Rubaix, la luce d’un brutto film contro le donne

Arnaud Desplechin, il regista di Rubaix, une lumière, ha girato questo quarto film sulla sua città natale. Il film esce anche con il titolo internazionale Oh, Mercy!, qualcosa come Oh, Dio!, Oh, Misericordia! Rubaix è nel nord della Francia, attaccata al confine con il Belgio. È però anche città di tanti confini sociali e multietnici interni. E di conflitti legati a essi. Che a volte prendono la via del crimine, come in tante altre simili città del mondo. Quando questo avviene si deve muovere il commissario Doud, di origini maghrebine, ma nato anche lui a Rubaix. Conosce persone, selciati e latrine del crimine meglio di chiunque altro tra quei confini. Calmo, saggio, serafico, non si scompone mai, i suoi occhi non indagano, ma si posano semplicemente su luoghi, fatti, e facce dei reati. Una luce morbida, aurea, a tratti caravaggesca permea tutte le sue inquadrature. Di più: Doud è il centro stesso della totalità d’immagine che compone e dà senso a tutto il film. Il fascino particolare, riservato e riversato unicamente alla sua persona, dovrebbe così irradiarsi sull’intera opera. La mancanza di novità e rigore stilistico d’arte, però, non può però essere riempito solo da tale artificioso bagliore.

Da poco è suo aiutante il giovane Luis. A chi è abituato a cogliere anche i dettagli delle inquadrature, non sarà sfuggito che tra i libri nella biblioteca della piccola abitazione di Luis spicca un libro di Emmanuel Levinas, il filosofo del volto dell’altro. Caspita, di poliziotti che leggono tali vertiginosi e complicati pensatori del Novecento se ne trovano davvero pochi! Il film è ispirato a un caso vero del 2002 e a un documentario televisivo sul commissariato di Rubaix. Non si vuole qui mettere in discussione la verità dei fatti, ma la falsità ideologica attraverso cui il regista li tratta. Un conto sono le persone realmente protagoniste di un crimine, un conto la messinscena drammatica che ne fa un film. Ciò sia in relazione ai significati che v’imprime l’autore, sia nel gioco dei rapporti con gli altri personaggi non sempre o non talmente reali.

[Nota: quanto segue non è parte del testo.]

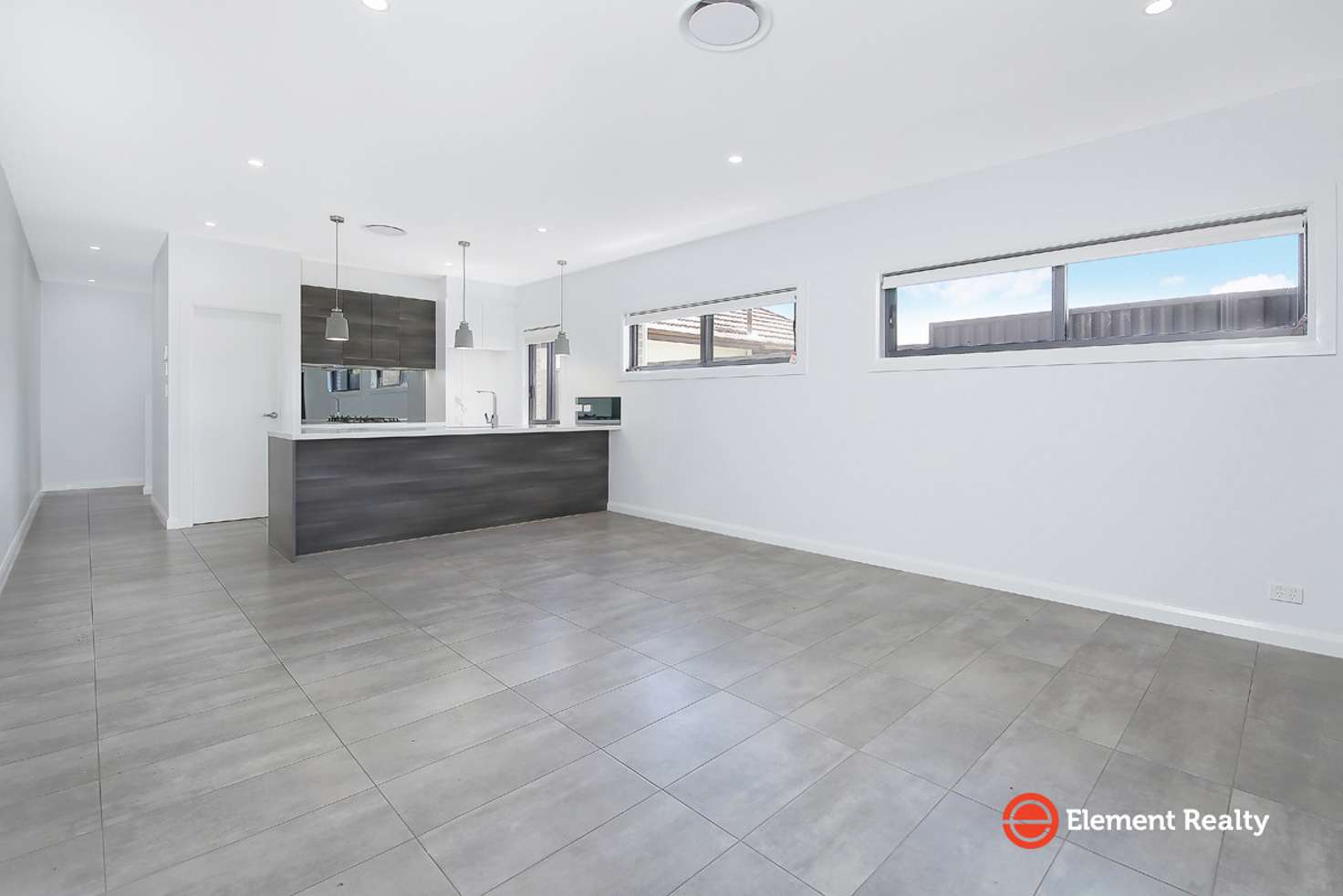 Main view of Homely semiDetached listing, 7 Irvine Crescent, Ryde NSW 2112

Alle figure umanitarie, più che umane dei due investigatori principali, e a quella addirittura luminescente del Capo, infatti, si contrappone ripetutamente quella di due lesbiche conviventi, infingarde, alcoliste, psicologicamente da sottoscala, con una dimensione quotidiana piuttosto squalliduccia, come traspare anche dall’insieme delle loro persone. Una di esse ha anche con un figlio che, però, in casa loro noi spettatori non vediamo mai. Anche le due poliziotte presenti in caserma durante gli interrogatori si limitano a ripetere meccanicamente, e anche un po’ istericamente le contestazioni di Doud e Luis. Tra l’altro il Commissario Doud, in episodio minore del film, è mostrato indagare per riportare all’ovile la pecorella smarrita di una bella ragazza, anche lei d’origine maghrebina, che ha litigato con i genitori per il fidanzato che liberamente si è scelto. La donna è qui l’emblema stesso di ogni altro soggetto debole da sottomettere a un potere volitivo e virile.

Viene il sospetto che lo stesso regista sia un conclamato caso di quanto previsto dal celebre romanzo fantapolitico di Michel Houellebecq Sottomissione, del 2015. In esso un partito islamico vince le elezioni presidenziali francesi, alleandosi con socialisti, liberali e moderati di centro, portando all’Eliseo il suo candidato mussulmano francese di seconda generazione. Nell’immagine complessiva del film, infatti, si può perfettamente rispecchiare proprio l’ideologia patriarcale islamica. Solo che – come nel romanzo di Houellebecq – dietro di essa si nasconde e si accovaccia comoda quella mai doma del sistema patriarcale occidentale. Davvero Oh, Mercy!: No, Pietà!